Erin C. Morigerato, Albany, for appellant.

Alexander Lesyk, Special Prosecutor, Norwood, for respondent.

Egan Jr., J. Appeal from a judgment of the County Court of St. Lawrence County (Richards, J.), rendered September 24, 2012, convicting defendant upon his plea of guilty of the crime of criminal possession of marihuana in the second degree.

In full satisfaction of an indictment and other uncharged crimes, defendant pleaded guilty to criminal possession of marihuana in the second degree and waived his right to appeal. County Court thereafter sentenced defendant to two years in prison, followed by one year of postrelease supervision, to be served concurrently with the sentence defendant already was serving. Defendant now appeals.

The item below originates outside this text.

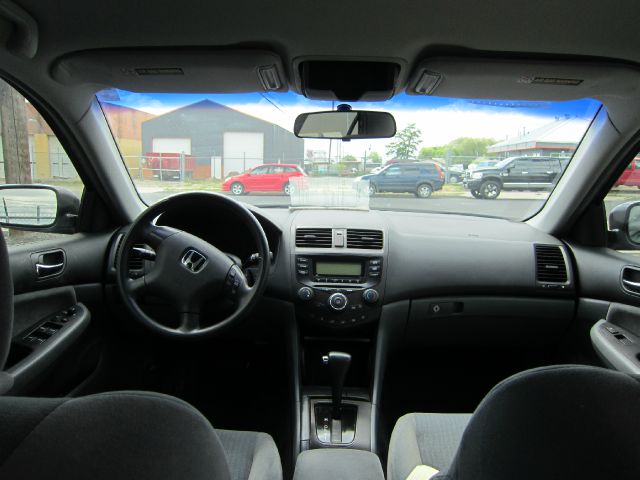 Honda Accord 2004 photo 5
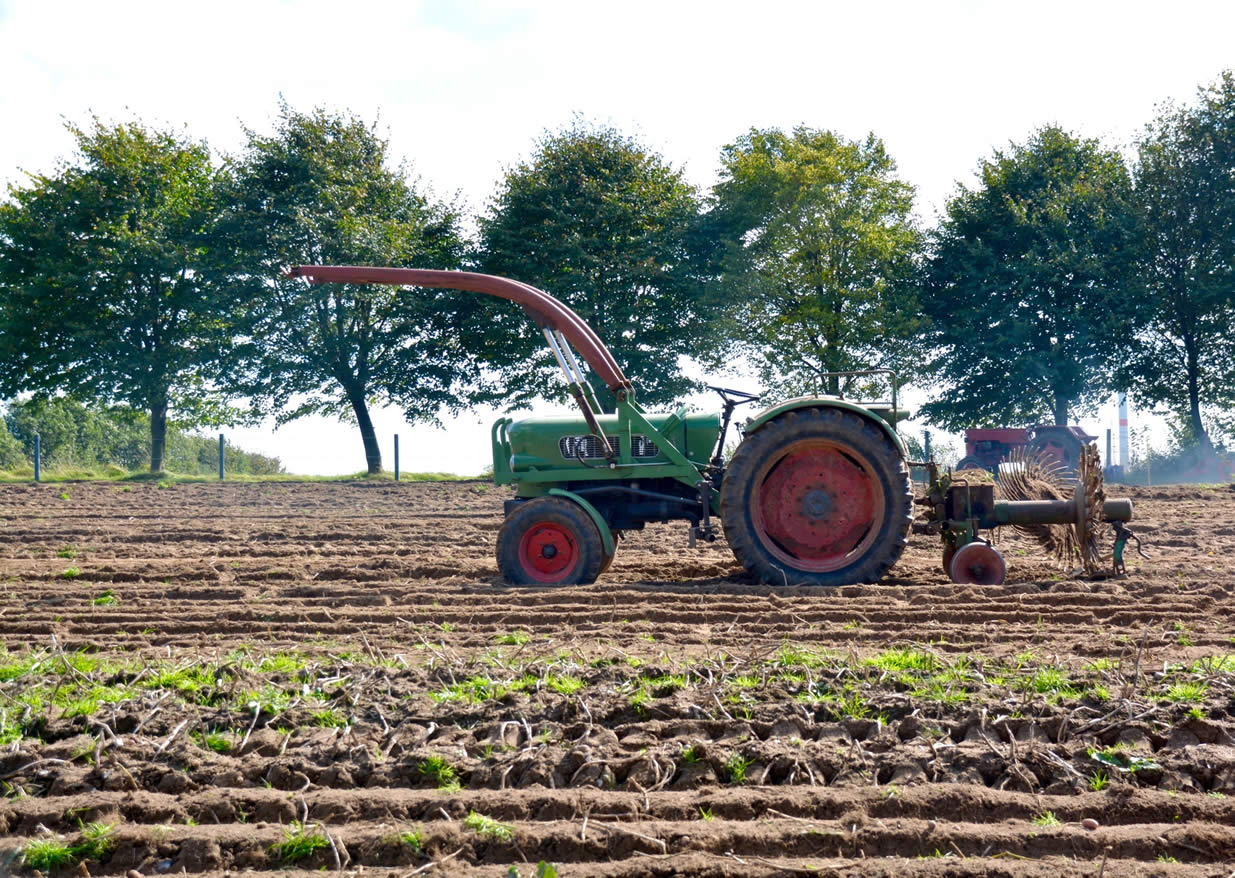 Maquinaria agrícola en faena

We affirm. Defendant's challenge to the validity of his appeal waiver is without merit. Our review of the plea colloquy and the written waiver executed by defendant reveals that he was apprised of and understood the rights he was relinquishing, including the right to appeal his sentence. Accordingly, we conclude that defendant's waiver was knowing, intelligent and voluntary (see People v Newton, 113 AD3d 1000, 1000-1001 [2014], lv denied 23 NY3d 1041 [2014]; People v Smith, 112 AD3d 1232, 1232 [2013], lv denied 22 NY3d 1203 [2014]). Although defendant's challenge to the voluntariness of his plea survives his appeal waiver, it is unpreserved for our review, inasmuch as the record does not reflect that defendant made an appropriate postallocution motion (see People v Trombley, 115 AD3d 1114, 1114 [2014]). [*2]Further, the narrow exception to the preservation rule was not implicated, as defendant did not make any statements during the plea colloquy that cast doubt upon his guilt or otherwise called into question the voluntariness of his plea (see People v Bressard, 112 AD3d 988, 989 [2013], lv denied 22 NY3d 1137 [2014]; People v Osgood, 111 AD3d 1029, 1030 [2013], lv denied 22 NY3d 1089 [2014]). Finally, defendant's contention that his sentence is harsh and excessive is precluded by his valid appeal waiver (see People v Campbell, 114 AD3d 996, 997 [2014]; People v Graves, 113 AD3d 998, 999 [2014], lv denied 23 NY3d 1037 [2014]).

McCarthy, J.P., Garry, Lynch and Clark, JJ., concur. Ordered that the judgment is affirmed.